Indeed, Essien is not your typical Ghanaian or African player. He is economical but deadly effective with the use of the ball. Very skillful though he is, Essien does not believe in exhibitionist soccer and that explains why European coaches love him.
“Essien is a great player,” said Chelsea coach Jose Mourinho. “He can play every position in midfield. Where he is perfect is in choices. In football, the most difficult thing is to choose well, and in every situation he chooses well. He presses, stays in position, passes long, passes short, first touch or two touches. He controls the pace of the game, fast or slow.”
His coach at Lyon, the team he led into two straight league championship victories and the semi finals of the European Championship League this year, was even more baroque in his praise of Essien. “I haven't seen anyone like him.” insisted Paul Le Guen. “He's unbelievable. I just wish we could use him as a defender and midfielder at the same time.” Gerald Houllier, Le Guen's replacement was to build his team around the Ghanaian midfielder. In the end, the lure of Abramovich billions was too much for the provincial French side to resist.
In France, he earned the nickname Bison. It was this combination of skill and grit that made one of the hardest players in France win the country's Footballer of the Year award in 2004-05.
Two days after heading Ghana to a 2-0 win against Uganda and for Germany 2006, I was seated next to Essien on the flight to London. My first question to him was, “you came off injured in the second half, are you fit to play Sunderland this weekend?”
He said “Yes.”
“I knew it!” I said with a sense of accomplishment, “You weren't actually injured were you?”
“Oh,” he chuckled with that modest but charming smile of his, “I was but, er, er” he continued with that mild French accent of his, “It's not so bad now.”
He said the Rwandan referee later on apologised quietly to him for what was seen by many as his rash brandishing of the yellow card against Essien. Another yellow after that would have disqualified the Black Stars' star player from the final qualifier with Cape Verde.
A few days later, after returning to his temporary base at the plush Chelsea Village, Michael Essien pulled and pushed Chelsea to win 2-0 against hard men Sunderland, a match that the English champions played awfully.

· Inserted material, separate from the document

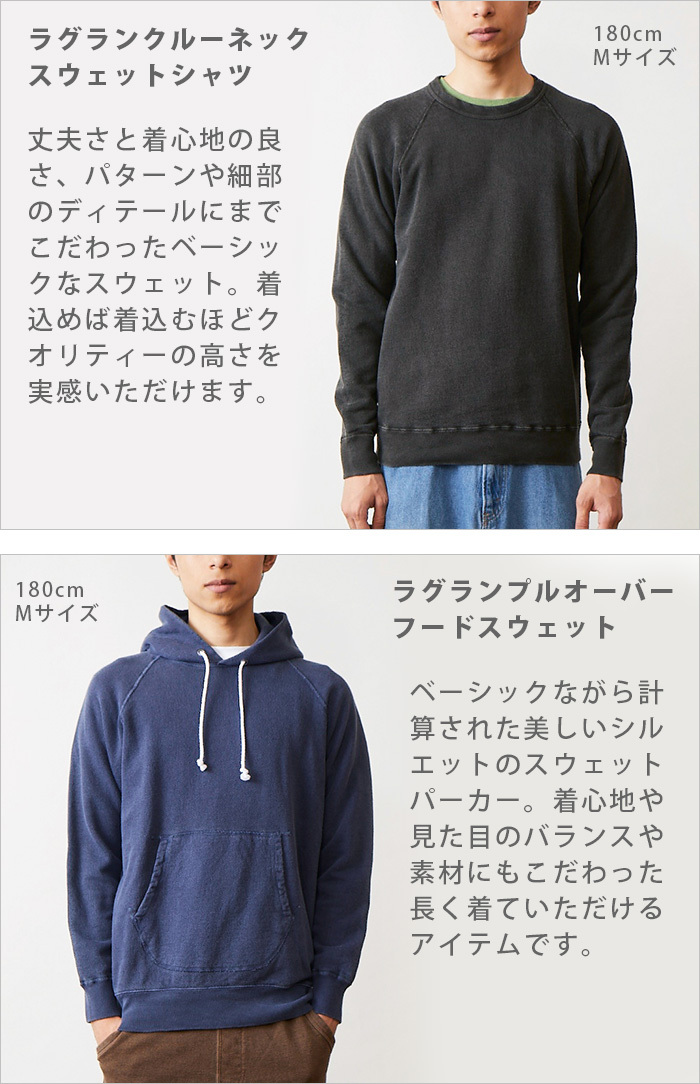 GOOD ON（グッドオン） スウェット トレーナー 無地 Good On RAGLAN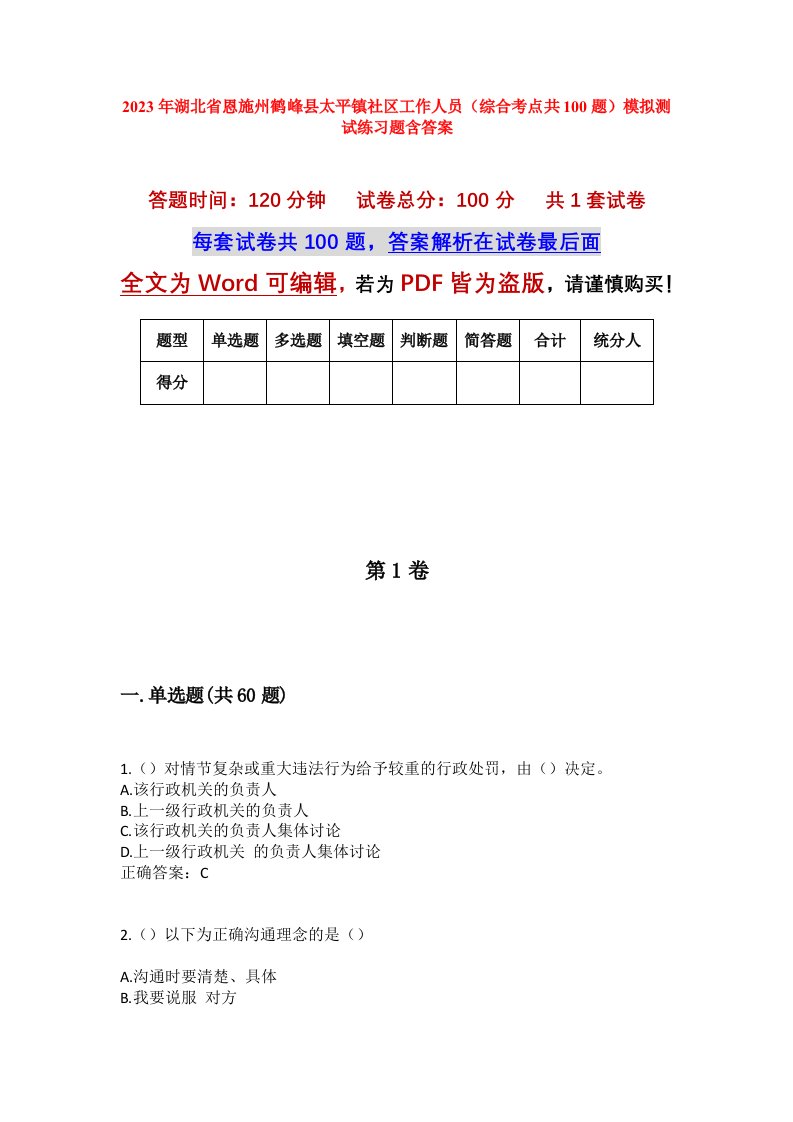 2023年湖北省恩施州鹤峰县太平镇社区工作人员综合考点共100题模拟测试练习题含答案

Chelsea's players, all returning from international duty, did look unusually weary, but as the reporter of the Times newspaper of London put it, “with the honourable exception of Michael Essien, who showed no ill-effects from his return trip to Africa. Having taken Ghana to the brink of their first appearance in the World Cup finals last weekend, the 22-year-old took this opportunity to be his club's inspiration, hustling, harrying and driving the home side forward.”
With all their oil money, Chelsea went through a tortuous summer in their bid to lure Essien from the French champions, Lyon. In the eyes of sporting analysts, Chelsea may have appeared to be held to ransom by Jean-Michel Aulas, the Lyons president, but the club-record £24.4 million they paid for Essien's services is looking more and more like a bargain.
In the words of one sports journalist, “With Roy Keane in decline and Patrick Vieira in Turin, Essien has the potential to be the [English] Premiership's dominant midfield player for years to come and Mourinho knows it.”
Born in Accra, on December 3, 1982, Essien is not only handsome with his feet. Indeed when I sent an SMS to my darling wife that I was seated next to Essien in the BA sleeper, her response, “He's cute, tell him I say so.” Of course, I was too masculine to relay that kind of message.
He completed one of the best schools in Ghana, St Augustine's College, Cape Coast. He is a David Beckham with brains. He wears the latest fashion – but it has to be jeans. He has a gorgeous lover, who is helping him buy a house in London, whilst his best friend Drogba helps him to settle in the Stamford Bridge side.
His girlfriend, whom he met in Accra three years ago, sat on his left side on the flight.
“Are you going to marry her,” I intrusively asked.
He smiled and said, “Well, we'll see.”
Five years ago, and after winning a gold medal with Ghana at African Under-17 Championship and bronze medal at World Under-17 Championship, the fate of the Ghanaian teenager was in limbo.
A trial with Manchester United was a disaster, when his Ghanaian colleague for the trial, Atiku, gave a bad impression of himself to the anger of the Manchester United management. For his part, Essien was alleged to have taken too many freebie shirts from the Manchester United club shop!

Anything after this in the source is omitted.